Exercise material:
################

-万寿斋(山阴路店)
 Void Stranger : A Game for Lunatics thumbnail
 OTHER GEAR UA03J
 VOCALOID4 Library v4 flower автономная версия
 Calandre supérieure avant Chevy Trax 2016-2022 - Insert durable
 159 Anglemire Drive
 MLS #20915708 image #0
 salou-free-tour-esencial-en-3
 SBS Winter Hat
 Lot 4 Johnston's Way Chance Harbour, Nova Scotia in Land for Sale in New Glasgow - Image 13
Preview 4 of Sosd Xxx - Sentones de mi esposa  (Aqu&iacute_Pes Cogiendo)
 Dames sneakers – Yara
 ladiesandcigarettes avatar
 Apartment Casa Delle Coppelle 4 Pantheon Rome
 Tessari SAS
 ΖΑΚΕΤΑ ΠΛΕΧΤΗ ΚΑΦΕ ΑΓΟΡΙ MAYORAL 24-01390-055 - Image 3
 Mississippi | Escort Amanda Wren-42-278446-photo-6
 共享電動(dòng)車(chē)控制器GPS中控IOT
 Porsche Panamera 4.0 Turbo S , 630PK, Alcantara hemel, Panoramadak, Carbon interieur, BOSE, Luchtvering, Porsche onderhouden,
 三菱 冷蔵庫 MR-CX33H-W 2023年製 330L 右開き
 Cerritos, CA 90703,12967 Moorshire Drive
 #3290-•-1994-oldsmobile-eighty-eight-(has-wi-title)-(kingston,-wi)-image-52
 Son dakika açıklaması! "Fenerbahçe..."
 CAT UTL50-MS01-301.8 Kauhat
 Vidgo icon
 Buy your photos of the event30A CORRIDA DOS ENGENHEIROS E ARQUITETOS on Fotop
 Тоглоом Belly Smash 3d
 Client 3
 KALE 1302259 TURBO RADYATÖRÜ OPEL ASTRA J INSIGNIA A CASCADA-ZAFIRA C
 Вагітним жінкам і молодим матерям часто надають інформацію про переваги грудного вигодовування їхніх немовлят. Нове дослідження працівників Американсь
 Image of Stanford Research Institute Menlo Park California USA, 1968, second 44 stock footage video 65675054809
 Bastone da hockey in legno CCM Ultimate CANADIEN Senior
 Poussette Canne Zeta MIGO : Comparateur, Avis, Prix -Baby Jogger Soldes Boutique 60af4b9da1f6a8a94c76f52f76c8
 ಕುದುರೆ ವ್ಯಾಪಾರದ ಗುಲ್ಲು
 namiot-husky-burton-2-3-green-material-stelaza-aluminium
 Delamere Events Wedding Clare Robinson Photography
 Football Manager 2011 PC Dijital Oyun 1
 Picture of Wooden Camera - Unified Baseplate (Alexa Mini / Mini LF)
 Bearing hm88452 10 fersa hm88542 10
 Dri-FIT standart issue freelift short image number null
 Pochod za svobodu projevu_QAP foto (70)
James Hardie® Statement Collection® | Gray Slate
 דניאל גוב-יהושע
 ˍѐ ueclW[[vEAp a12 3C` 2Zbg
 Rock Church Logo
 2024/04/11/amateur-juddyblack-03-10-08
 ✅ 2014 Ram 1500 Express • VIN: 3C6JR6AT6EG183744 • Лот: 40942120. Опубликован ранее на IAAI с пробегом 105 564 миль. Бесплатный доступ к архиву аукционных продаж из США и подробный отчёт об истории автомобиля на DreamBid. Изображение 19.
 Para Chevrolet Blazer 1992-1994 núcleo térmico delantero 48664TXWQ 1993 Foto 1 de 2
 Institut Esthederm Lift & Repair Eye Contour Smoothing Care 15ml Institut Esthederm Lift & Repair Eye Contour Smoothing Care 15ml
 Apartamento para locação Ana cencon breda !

################

Task objective:
How many of the lines above include the string "Drive"? Reply with the number by itself.

Result:
2